- _EXERCISE OBJECTIVE_
No pictures, please. Copy exactly the lines from the one with "Трюковий самокат Flavor" through the final line below.

- _SOURCE MATERIAL_
▶

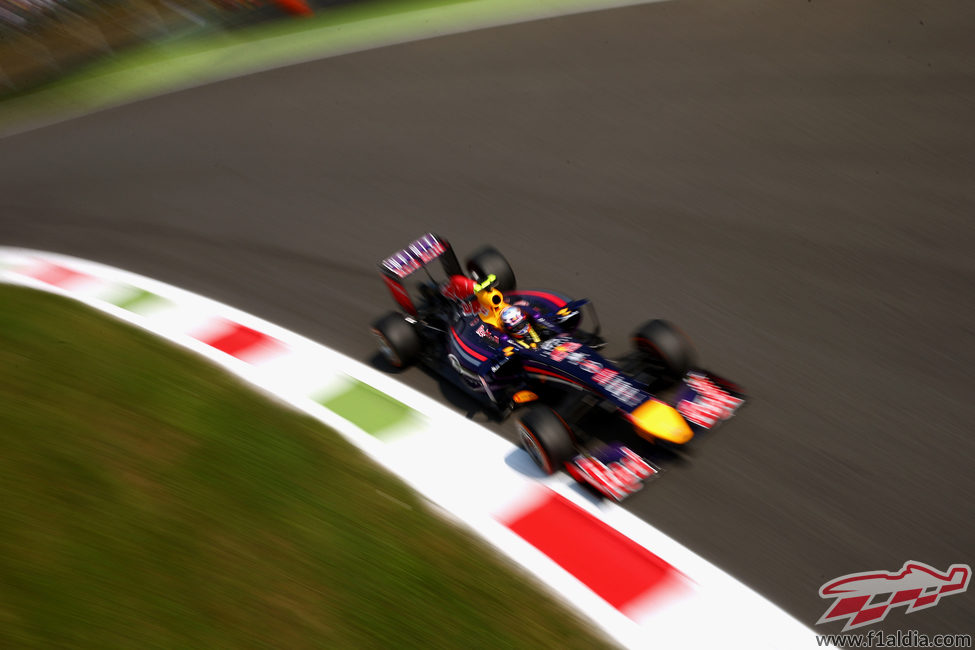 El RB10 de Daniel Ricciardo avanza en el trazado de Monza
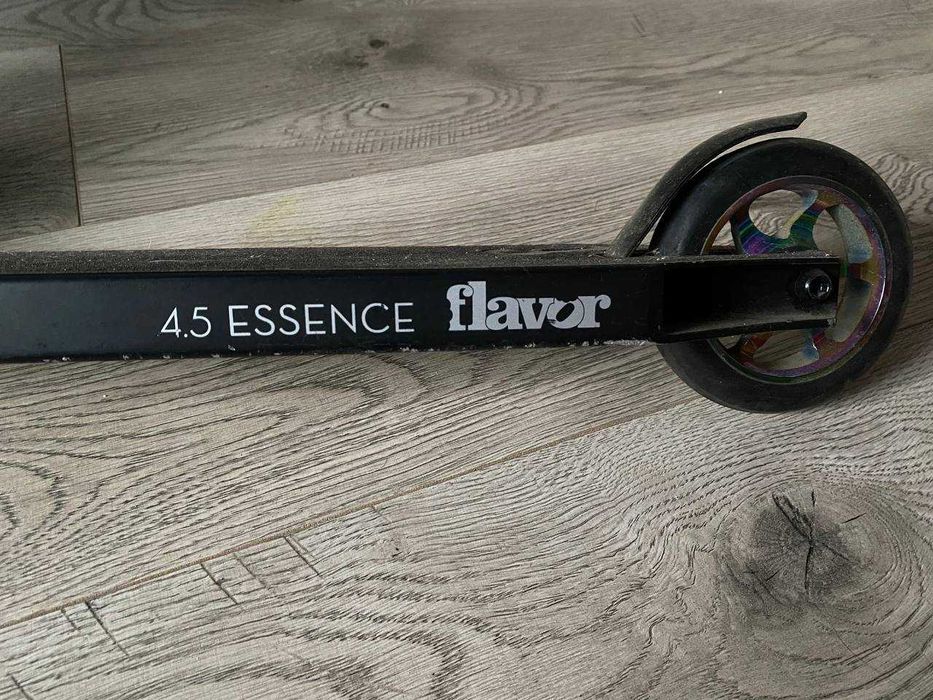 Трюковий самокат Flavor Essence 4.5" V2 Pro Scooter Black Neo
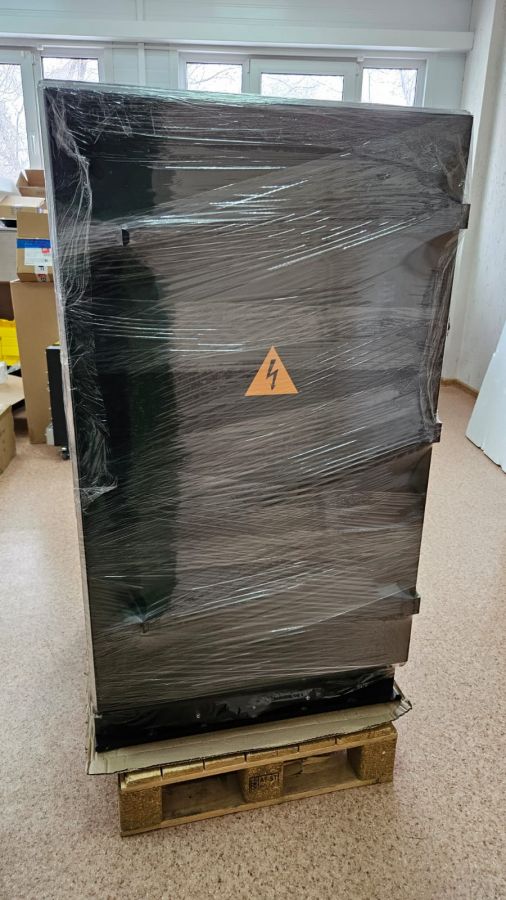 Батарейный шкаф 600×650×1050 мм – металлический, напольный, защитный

◀

- _COMPLETED TASK_
 Трюковий самокат Flavor Essence 4.5" V2 Pro Scooter Black Neo
 Батарейный шкаф 600×650×1050 мм – металлический, напольный, защитный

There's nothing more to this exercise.